There is certainly confidence among their ranks that they can cope with the big challenge that awaits, and while the Proteas are not generally known for their mind games, some of the players have managed to take some gentle digs at the home side.
‘I don’t think we are favourites,’ Steyn said. ‘It is going to be extremely difficult in their back garden. We come into the series with a lot of expectation, so we have confidence. I personally enjoy the Tests more than anything else. We’ve come up with some good game plans. We have a great bowling attack and a fantastic batting line-up. We’re up for it.’
Steyn will arguably be South Africa’s most important bowler in the subcontinent and has an excellent track record in those conditions. But he has noted that the current Indian batting line-up does not have the same punch of past teams.
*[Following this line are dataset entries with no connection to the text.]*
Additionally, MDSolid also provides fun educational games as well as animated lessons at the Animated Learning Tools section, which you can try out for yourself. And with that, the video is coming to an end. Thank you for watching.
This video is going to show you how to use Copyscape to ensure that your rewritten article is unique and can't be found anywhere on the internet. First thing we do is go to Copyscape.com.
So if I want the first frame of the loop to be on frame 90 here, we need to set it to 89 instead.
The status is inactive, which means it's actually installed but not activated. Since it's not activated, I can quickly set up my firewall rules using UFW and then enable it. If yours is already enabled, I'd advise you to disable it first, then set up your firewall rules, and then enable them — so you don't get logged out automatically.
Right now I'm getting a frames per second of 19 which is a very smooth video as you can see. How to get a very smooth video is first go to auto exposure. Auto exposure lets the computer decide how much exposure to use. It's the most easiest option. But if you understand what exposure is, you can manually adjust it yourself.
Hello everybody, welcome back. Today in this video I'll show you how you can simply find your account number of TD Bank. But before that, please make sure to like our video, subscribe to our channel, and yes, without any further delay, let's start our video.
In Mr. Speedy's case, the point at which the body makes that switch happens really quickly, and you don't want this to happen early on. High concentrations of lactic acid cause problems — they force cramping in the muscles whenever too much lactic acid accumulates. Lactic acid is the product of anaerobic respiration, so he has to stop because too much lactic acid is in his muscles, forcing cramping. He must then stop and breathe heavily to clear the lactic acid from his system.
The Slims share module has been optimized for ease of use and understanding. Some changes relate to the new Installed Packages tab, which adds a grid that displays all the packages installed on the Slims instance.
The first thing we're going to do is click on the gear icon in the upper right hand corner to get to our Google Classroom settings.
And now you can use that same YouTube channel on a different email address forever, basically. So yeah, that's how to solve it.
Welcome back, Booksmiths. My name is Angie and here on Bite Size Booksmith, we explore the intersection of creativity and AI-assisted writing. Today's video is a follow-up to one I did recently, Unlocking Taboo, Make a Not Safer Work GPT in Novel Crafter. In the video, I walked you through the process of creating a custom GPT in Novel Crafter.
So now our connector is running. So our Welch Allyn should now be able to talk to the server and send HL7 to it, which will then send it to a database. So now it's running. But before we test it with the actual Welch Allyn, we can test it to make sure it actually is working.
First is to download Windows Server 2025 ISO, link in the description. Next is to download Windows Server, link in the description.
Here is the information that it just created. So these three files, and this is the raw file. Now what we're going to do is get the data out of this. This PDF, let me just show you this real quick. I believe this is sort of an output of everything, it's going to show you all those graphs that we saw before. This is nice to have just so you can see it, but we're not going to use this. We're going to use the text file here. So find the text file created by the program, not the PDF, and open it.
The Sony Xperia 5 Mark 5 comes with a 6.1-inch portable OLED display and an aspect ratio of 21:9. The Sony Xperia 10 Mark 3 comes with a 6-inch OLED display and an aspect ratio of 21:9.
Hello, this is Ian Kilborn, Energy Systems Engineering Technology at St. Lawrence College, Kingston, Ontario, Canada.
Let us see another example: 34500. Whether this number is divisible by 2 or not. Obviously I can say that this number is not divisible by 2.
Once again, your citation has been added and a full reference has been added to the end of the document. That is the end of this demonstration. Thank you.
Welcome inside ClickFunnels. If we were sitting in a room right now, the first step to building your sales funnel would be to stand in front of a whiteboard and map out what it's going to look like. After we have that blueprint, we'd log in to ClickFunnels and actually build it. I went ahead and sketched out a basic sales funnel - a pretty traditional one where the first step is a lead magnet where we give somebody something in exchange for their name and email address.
‘In past times that I’ve played here, I bowled against guys like Virender Sehwag. That guy was a nightmare to bowl to. If you missed your mark by just that much he would smoke you. I feel India’s batting line-up now is slightly different. The two opening batters let you bowl to them a little bit more. But when they are both in form they are really difficult players to bowl to, but not as hectic as someone like Sehwag, who would blaze from ball one.’
What Steyn seems to be suggesting is that India possess less of an explosive threat compared to years gone by which, in many ways, should be a relief. However, it might also mean the batsmen give less away, taking fewer risks and thereby giving the bowlers less of an opening to claim a wicket.
Both teams would have done their homework on the opposition, but Steyn suggested it wasn’t always as complicated as people make it out to be.
‘We do a lot of homework. How have the batsmen gone out, especially in their last 10 innings. Is there a pattern that have build up? It’s not rocket science. Jacques Kallis always used to say top of off-stump with the odd bouncer to any batter in the world is really difficult. That’s generally it, really.
‘You get a guy like Sachin [Tendulkar], when you get a ball on off-stump to Sachin in the past he’ll hit you through point. If you bowl top of off to Murali Vijay he’ll probably hit you through the covers. It’s important to know where you want your fielders to be. The delivery stays the same but the batsman’s shot making will change. So it’s about getting into the batsmen’s head a little bit, looking at past dismissals and letting him know that you know exactly where he is uncomfortable.’